By Rachael Restrick
Originally Published in Be Still Magazine, Issue 13
My son has started lying. Apparently, this is normal toddler behavior, but I feel like I must already be failing as a parent. The upside is the hilarity of him not really understanding what it means yet. I’m trying to teach him what is true. What “telling the truth” means. So, if I say something that he doesn’t like, he tells me, “That’s not true!” And I laugh, and he gets even more mad. I swing from “I’m failing as a parent” to “I could have my own reality show” in about seven seconds everyday.
Do you feel like the truth has gotten lost? It seems a little like we’ve created our own version of what is true. The world around us certainly has. But what happens when the truth we know doesn’t line up with what we see? What we feel?
My sister got a tattoo fairly recently and is now obsessed. She wants twenty more and wants me to get one too. A few days ago, we practiced writing on our arms with a sharpie (this is my kind of tattoo!), and she wanted me to write, “It is Well” on her. She then looked at the scripty markings on her arm and said, “I’d love to get this tattoo, but I feel like I’m lying. Isn’t it wrong to say, ‘it is well with my soul‘ when it’s not?”
I didn’t answer, but I asked myself the question for hours. Is it fake? Is it hypocritical? Is it wrong? To say things – sing things in a moment – when you aren’t sure if you totally believe them? There’s no creative way to say this:
In fact, it’s exactly what we’re supposed to do! It’s not wrong to speak out things we believe to be true, even if we don’t feel them. It’s insanely important to speak the truth whether or not it resonates with our emotions or our circumstances.
The beautiful and pretty confusing reality of this life is that the character and nature of God never changes—even when our circumstances don’t seem to reflect that. Our world is so quick to blame God and question where He is in the midst of troubles and heartbreak. If I’m honest, I’ve wondered myself. When my world crashed and God didn’t seem to answer the way I thought was best, “It is Well” felt like a lie escaping my lips. Surely God thinks I’m a hypocrite too, right?

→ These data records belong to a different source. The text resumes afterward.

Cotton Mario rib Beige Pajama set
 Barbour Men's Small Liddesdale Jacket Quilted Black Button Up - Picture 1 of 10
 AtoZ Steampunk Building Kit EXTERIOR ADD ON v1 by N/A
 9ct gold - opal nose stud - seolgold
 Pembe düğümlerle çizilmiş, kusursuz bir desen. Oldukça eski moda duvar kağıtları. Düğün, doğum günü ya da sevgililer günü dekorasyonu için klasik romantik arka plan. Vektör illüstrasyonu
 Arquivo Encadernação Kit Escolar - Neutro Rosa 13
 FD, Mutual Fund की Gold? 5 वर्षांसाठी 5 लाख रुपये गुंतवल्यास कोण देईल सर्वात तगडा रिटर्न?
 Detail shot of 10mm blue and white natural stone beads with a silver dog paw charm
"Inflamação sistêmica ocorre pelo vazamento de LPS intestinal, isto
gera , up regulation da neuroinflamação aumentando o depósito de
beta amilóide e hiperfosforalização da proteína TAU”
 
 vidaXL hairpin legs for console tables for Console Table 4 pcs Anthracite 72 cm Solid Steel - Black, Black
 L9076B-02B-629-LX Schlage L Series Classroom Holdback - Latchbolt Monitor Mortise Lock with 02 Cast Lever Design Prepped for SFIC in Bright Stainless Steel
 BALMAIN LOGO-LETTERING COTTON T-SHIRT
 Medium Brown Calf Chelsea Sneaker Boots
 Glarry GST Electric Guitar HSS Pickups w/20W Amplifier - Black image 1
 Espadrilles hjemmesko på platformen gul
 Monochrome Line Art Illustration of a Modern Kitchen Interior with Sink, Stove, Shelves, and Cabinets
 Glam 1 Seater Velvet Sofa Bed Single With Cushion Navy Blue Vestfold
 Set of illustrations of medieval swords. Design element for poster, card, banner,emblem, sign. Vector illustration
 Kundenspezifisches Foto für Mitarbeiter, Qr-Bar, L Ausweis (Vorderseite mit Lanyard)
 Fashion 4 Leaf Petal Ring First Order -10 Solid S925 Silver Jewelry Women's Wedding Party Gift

There are times we need to remind ourselves of the truth—whether it feels true or not. There are moments when we need to practically sit ourselves down and ask, “What do I believe is true?” David did this in Psalm 43:5. He asked himself, “Why are you in despair, O my soul? And why are you restless and disturbed within me? Hope in God and wait expectantly for Him, for I shall again praise Him.”
We’ve got to acknowledge how we are feeling—it’s the first step of actually moving forward—but we can’t stay there. Just like anything else in life, it takes work and repetition to remind our souls of what is true when we are walking by faith. These are not light words. Walking by faith sounds cliché, but it is the furthest thing from it. It’s getting your hands dirty, digging deep, pushing forward, and trusting.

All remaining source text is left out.